Changing K - Solution¶
In this notebook, you will get some practice with different values of k, and how it changes the clusters that are observed in the data. As well as how to determine what the best value for k might be for a dataset.
To get started, let's read in our necessary libraries.
import numpy as np
import matplotlib.pyplot as plt
from mpl_toolkits.mplot3d import Axes3D
from sklearn.cluster import KMeans
from sklearn.datasets import make_blobs
import helpers2 as h
import tests as t
from IPython import display
%matplotlib inline
# Make the images larger
plt.rcParams['figure.figsize'] = (16, 9)
1. To get started, there is a function called simulate_data within the helpers2 module. Read the documentation on the function by running the cell below. Then use the function to simulate a dataset with 200 data points (rows), 5 features (columns), and 4 centers
h.simulate_data?
data = h.simulate_data(200, 5, 4)
# This will check that your dataset appears to match ours before moving forward
t.test_question_1(data)
Looks good! Continue!
2. Because of how you set up the data, what should the value of k be?
k_value = 4
# Check your solution against ours.
t.test_question_2(k_value)
That's right! The value of k is the same as the number of centroids used to create your dataset.
3. Let's try a few different values for k and fit them to our data using KMeans.
To use KMeans, you need to follow three steps:
I. Instantiate your model.
II. Fit your model to the data.
III. Predict the labels for the data.
# Try instantiating a model with 4 centers
kmeans_4 = KMeans(n_clusters=4)
# Then fit the model to your data using the fit method
model_4 = kmeans_4.fit(data)
# Finally predict the labels on the same data to show the category that point belongs to
labels_4 = model_4.predict(data)
# If you did all of that correctly, this should provide a plot of your data colored by center
h.plot_data(data, labels_4)
4. Now try again, but this time fit kmeans using 2 clusters instead of 4 to your data.
# Try instantiating a model with 2 centers
kmeans_2 = KMeans(n_clusters=2)
# Then fit the model to your data using the fit method
model_2 = kmeans_2.fit(data)
# Finally predict the labels on the same data to show the category that point belongs to
labels_2 = model_2.predict(data)
# If you did all of that correctly, this should provide a plot of your data colored by center
h.plot_data(data, labels_2)
5. Now try one more time, but with the number of clusters in kmeans to 7.

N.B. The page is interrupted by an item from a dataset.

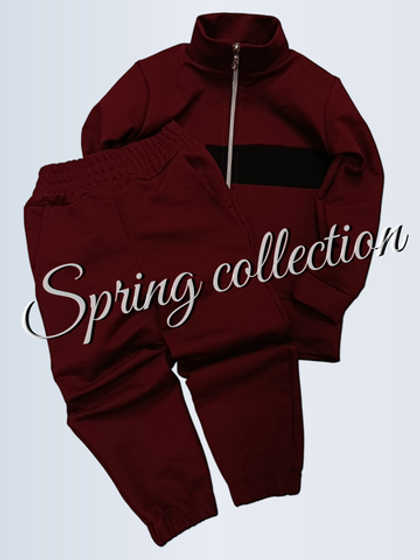 11588 Костюм детский футер 2-х нитка бордовый (64-122/128)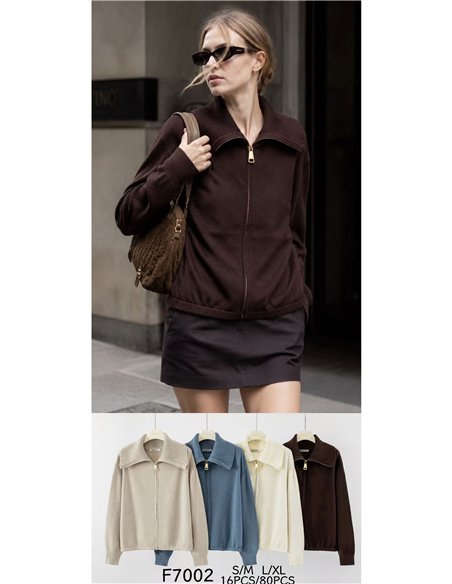 Chaqueta punto cremallera cuello maxi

# Try instantiating a model with 7 centers
kmeans_7 = KMeans(n_clusters=7)
# Then fit the model to your data using the fit method
model_7 = kmeans_7.fit(data)
# Finally predict the labels on the same data to show the category that point belongs to
labels_7 = model_7.predict(data)
# If you did all of that correctly, this should provide a plot of your data colored by center
h.plot_data(data, labels_7)
Visually, we get some indication of how well our model is doing, but it isn't totally apparent. Each time additional centers are considered, the distances between the points and the center will decrease. However, at some point, that decrease is not substantial enough to suggest the need for an additional cluster.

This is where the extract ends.